■ Given information
::::

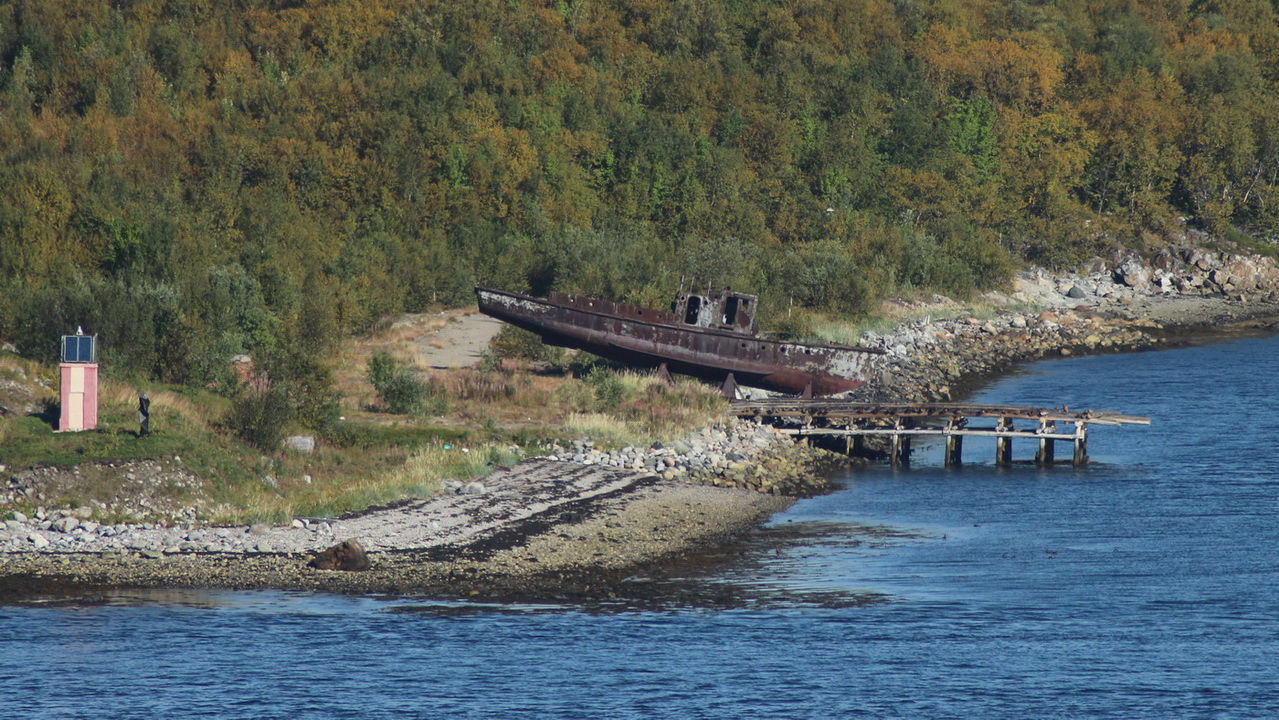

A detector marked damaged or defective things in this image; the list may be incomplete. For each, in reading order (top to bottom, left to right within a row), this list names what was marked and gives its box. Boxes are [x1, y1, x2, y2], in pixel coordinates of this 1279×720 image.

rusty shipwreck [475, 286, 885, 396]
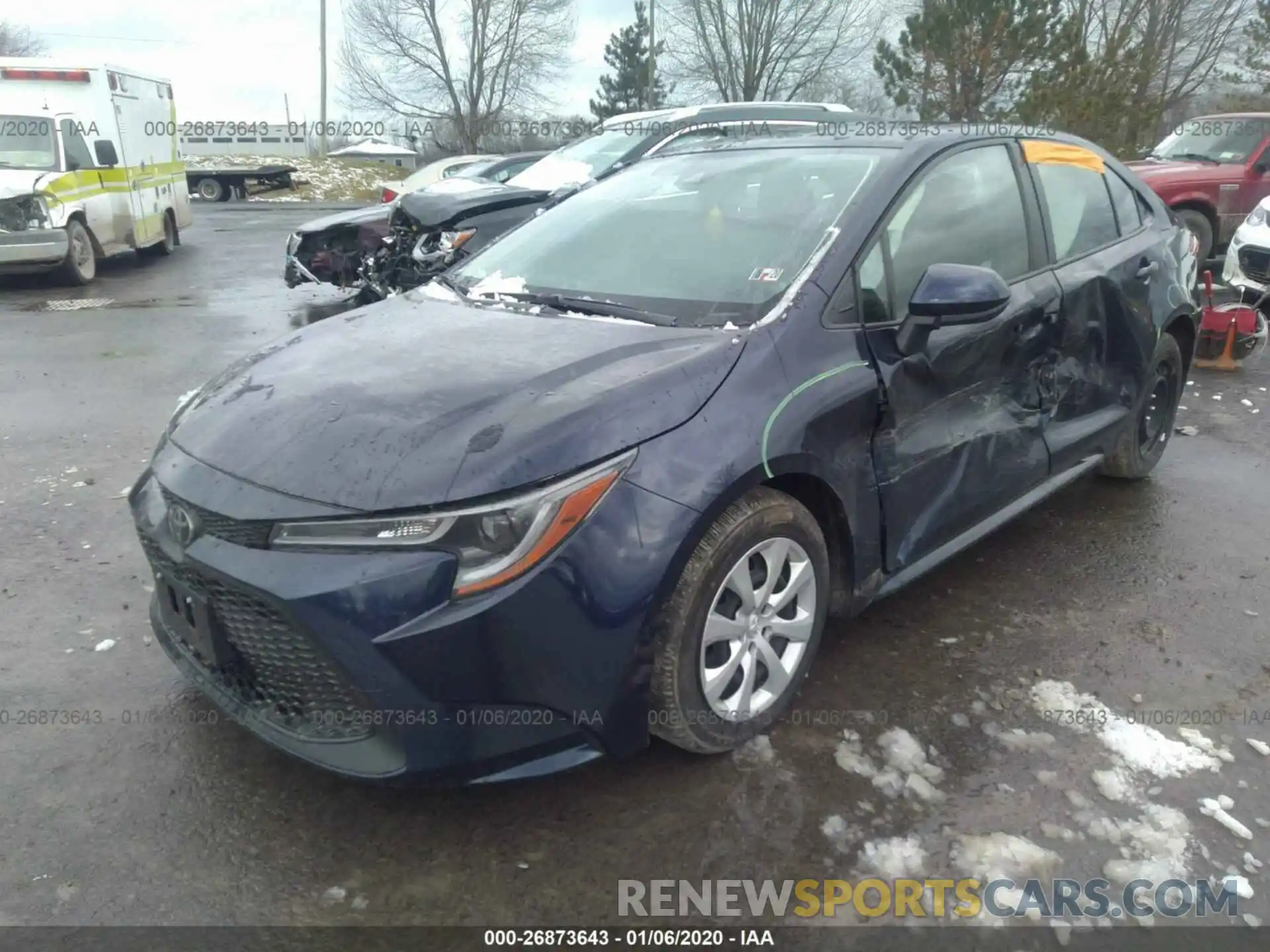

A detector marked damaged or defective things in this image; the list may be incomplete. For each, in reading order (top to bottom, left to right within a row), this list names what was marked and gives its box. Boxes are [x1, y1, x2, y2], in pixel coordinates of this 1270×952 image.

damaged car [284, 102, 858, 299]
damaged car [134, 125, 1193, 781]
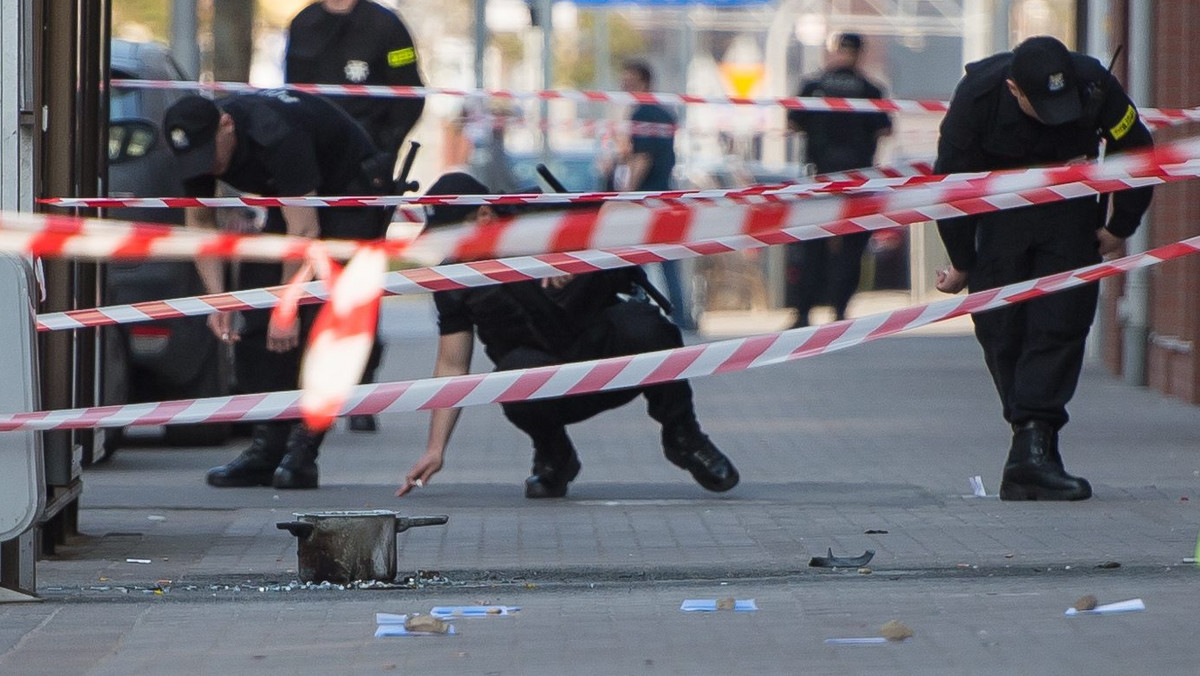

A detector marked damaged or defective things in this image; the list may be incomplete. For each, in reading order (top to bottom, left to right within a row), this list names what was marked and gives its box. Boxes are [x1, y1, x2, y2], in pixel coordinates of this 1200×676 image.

::::

■ Instructions to follow
Leave out every picture, and write out exactly the lines from the one with "this 1270×952 image." through the end of the records above, both ends included.

■ Output of the exercise
A detector marked damaged or defective things in this image; the list may be incomplete. For each, in reading order (top to bottom, left to right within a row), this list names what was marked and gives its box. Boxes are [x1, y1, x2, y2], in pixel coordinates of this 1270×952 image.

damaged car [284, 102, 858, 299]
damaged car [134, 125, 1193, 781]

A detector marked damaged or defective things in this image; the list may be incomplete. For each, in reading order (top to bottom, left to right within a row), this list names what was marked and gives its box. Boxes are [x1, y1, x2, y2], in pixel coordinates of this 1200×676 image.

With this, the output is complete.